** EXERCISE PROMPT **
Extract, exactly as written, each line from the start of the records below to the line containing "48V 4 port Power", both ends included; drop the pictures.
+-------+
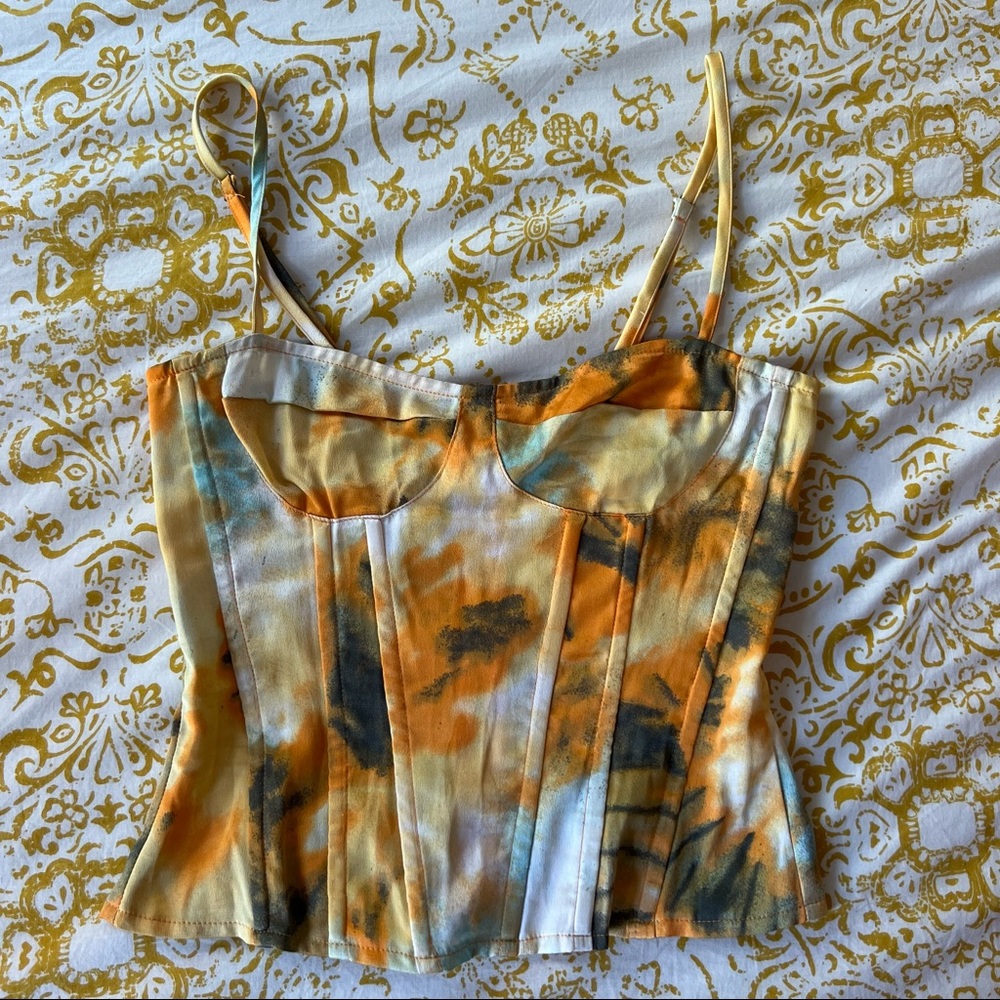 Corset top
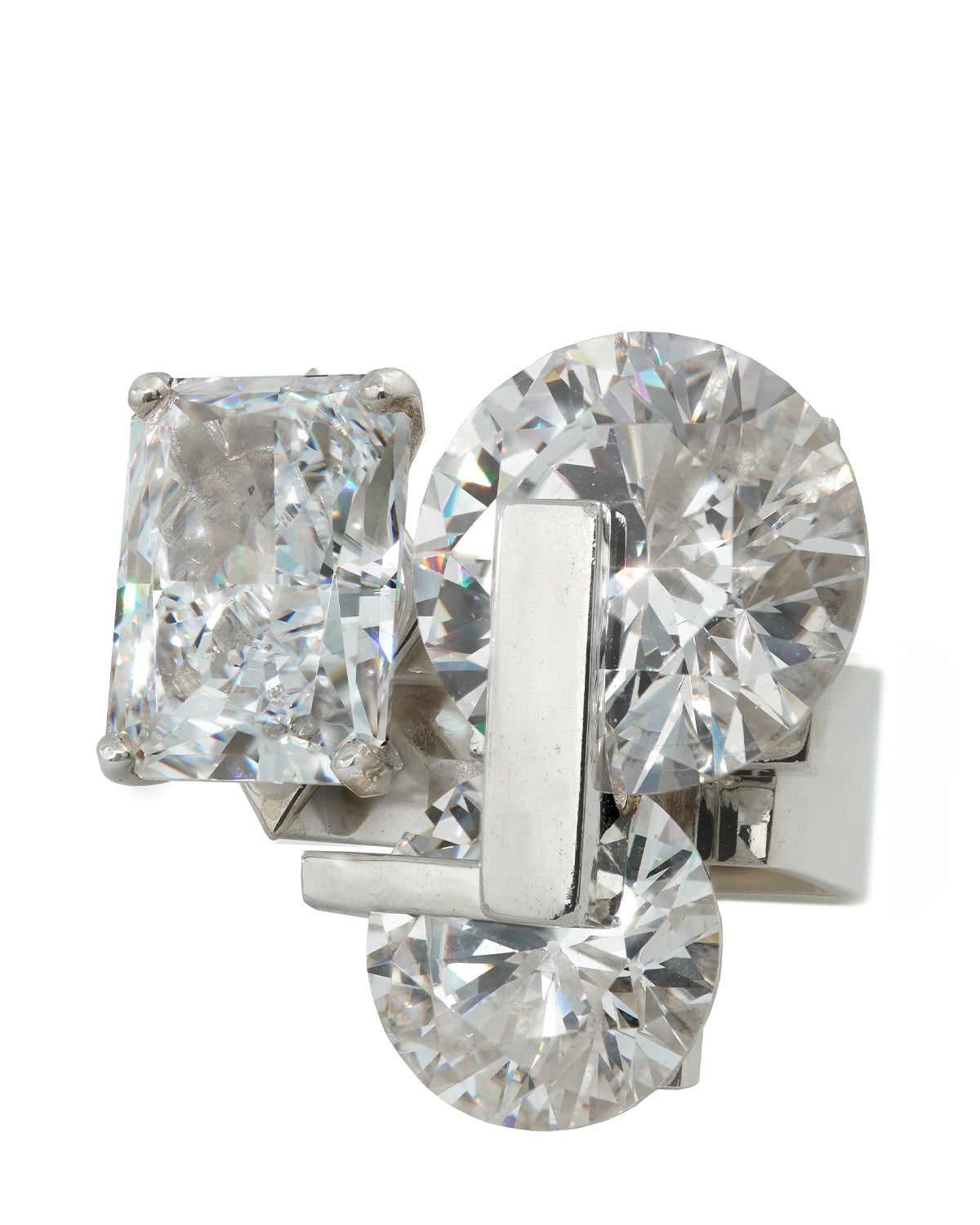Glacial Silver Ring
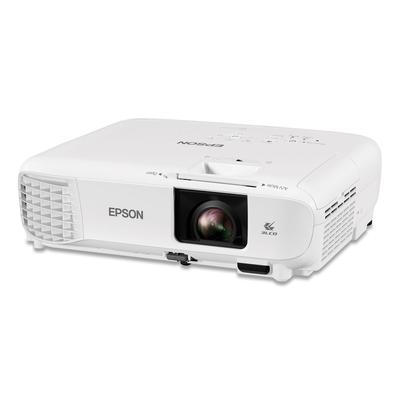 Epson PowerLite 119W 3LCD WXGA Classroom Projector, 4,000 lm, 1280 x 800 Pixels, 1.2x Zoom (EPSV11H985020) (EPSV11H985020)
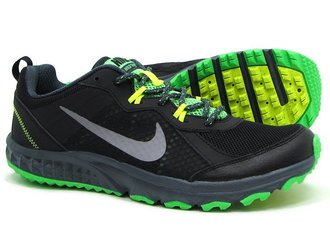 NIKE MENS WILD TRAIL RUN SHOE 642833 011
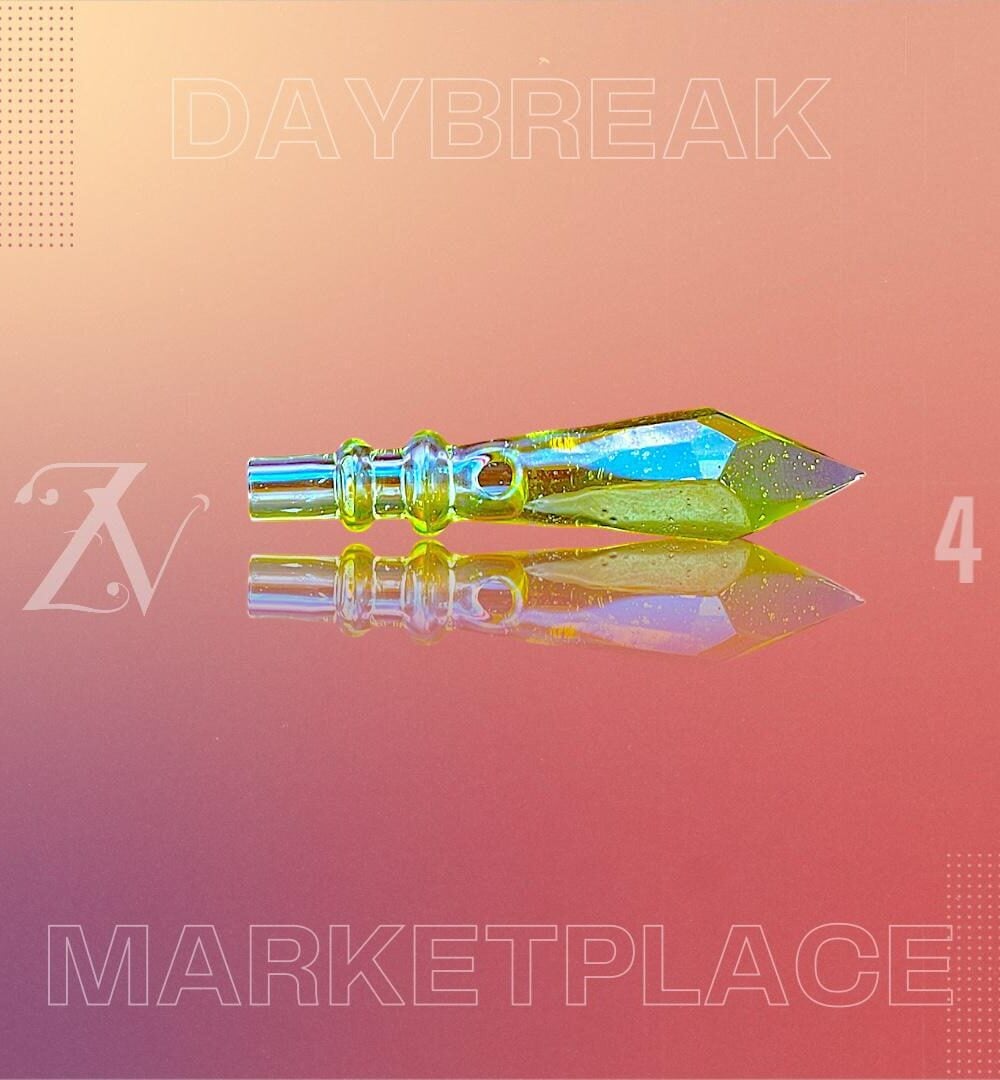 NORTHERN WATERS: CRYSTAL DAYBREAK MARKETPLACE 3DXL PUFFCO PEAK PRO JOYSTICK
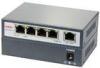 48V 4 port Power over Ethernet switch with 15.4W for Power Device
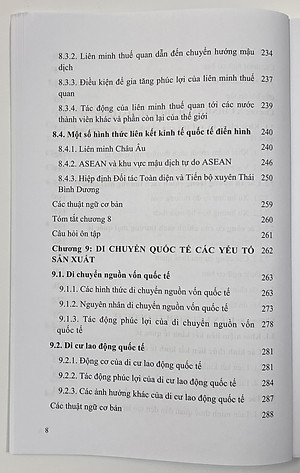 Sách - Giáo Trình Kinh Tế Quốc Tế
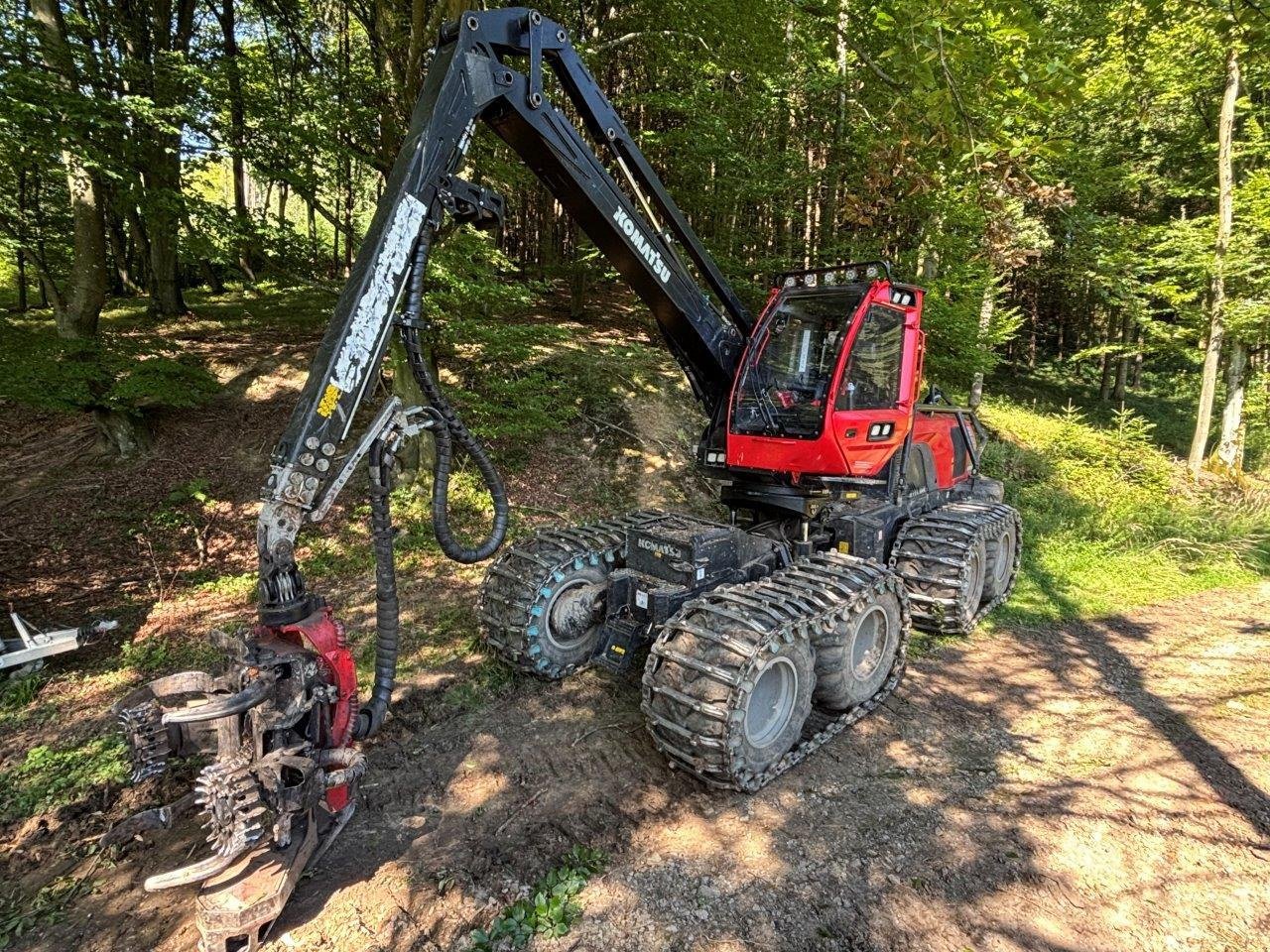 Holzvollernter des Typs Komatsu 931 XC, Gebrauchtmaschine in Judenburg (Bild 3)
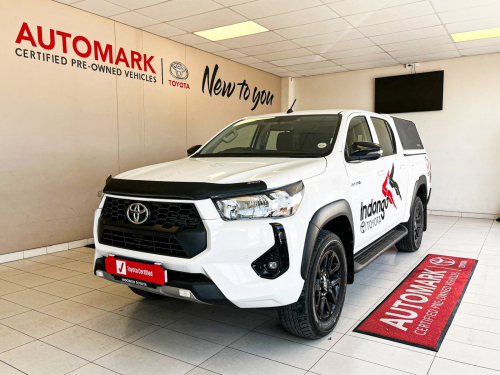 Pre-owned Toyota Hilux Raider 2.4 GD6 RB 2x4 AT for sale in 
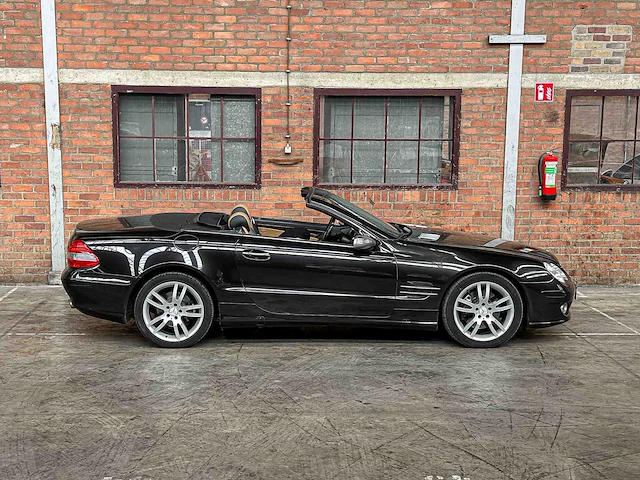 Mercedes-benz sl350 3.5 v6 272pk 2006 (designo) sl-klasse, 6-tzb-37 youngtimer - afbeelding 2 van  41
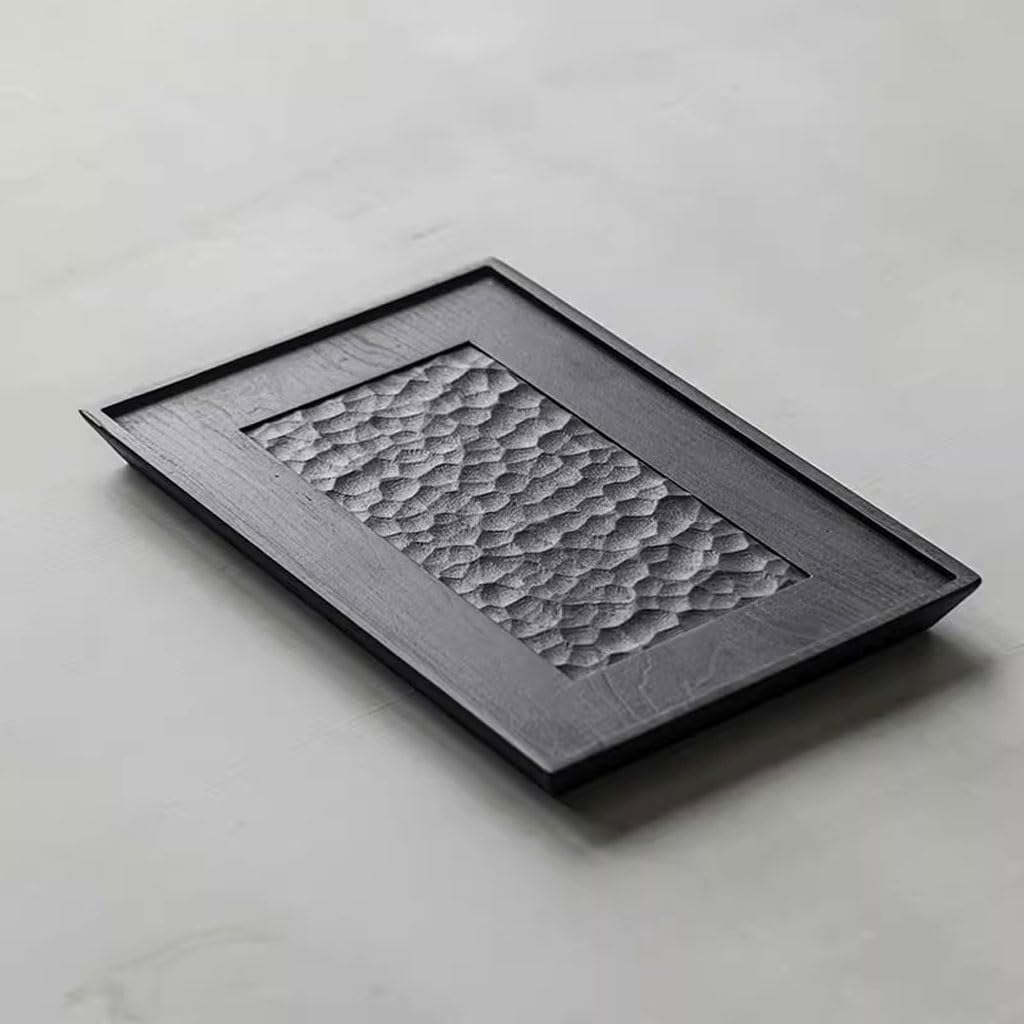 Tray Chinese Rectangular Tea Tray Home Living Room Tea Tray Tea Table Tea Table Dry Tea Table Serving Trays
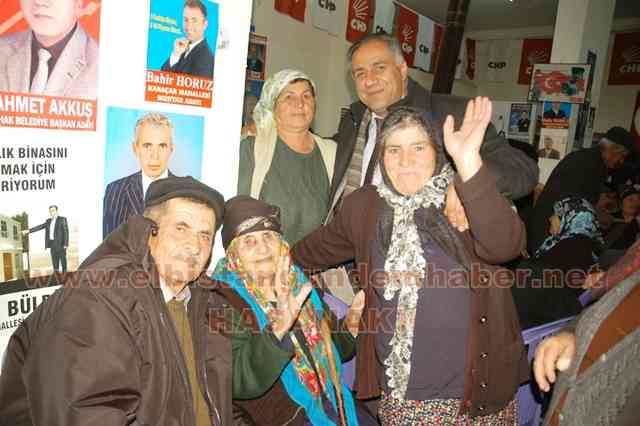 Nurhak’tan Akkuş’a Güvenoyu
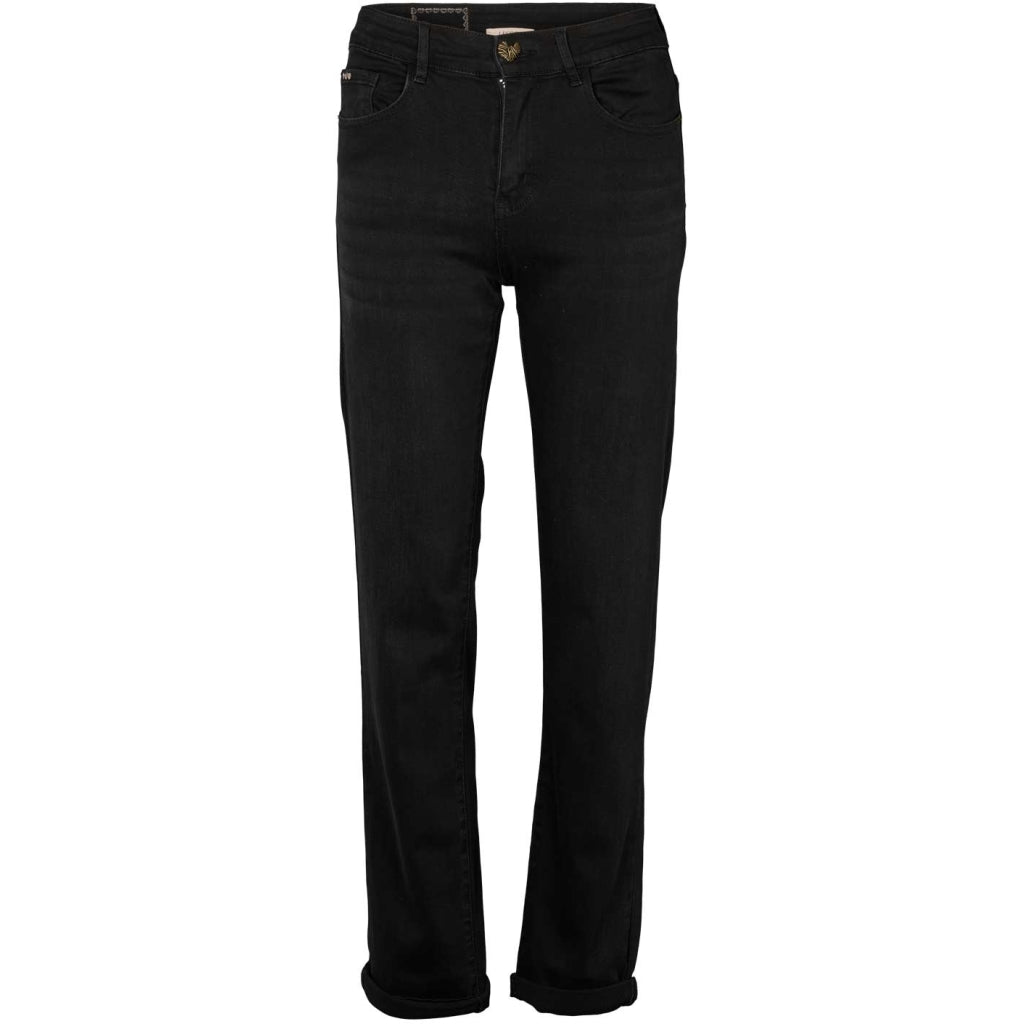 LECOCO 34814 Heart bukser denim washed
+-------+
** EXPECTED ANSWER **
 Corset top
Glacial Silver Ring
 Epson PowerLite 119W 3LCD WXGA Classroom Projector, 4,000 lm, 1280 x 800 Pixels, 1.2x Zoom (EPSV11H985020) (EPSV11H985020)
 NIKE MENS WILD TRAIL RUN SHOE 642833 011
 NORTHERN WATERS: CRYSTAL DAYBREAK MARKETPLACE 3DXL PUFFCO PEAK PRO JOYSTICK
 48V 4 port Power over Ethernet switch with 15.4W for Power Device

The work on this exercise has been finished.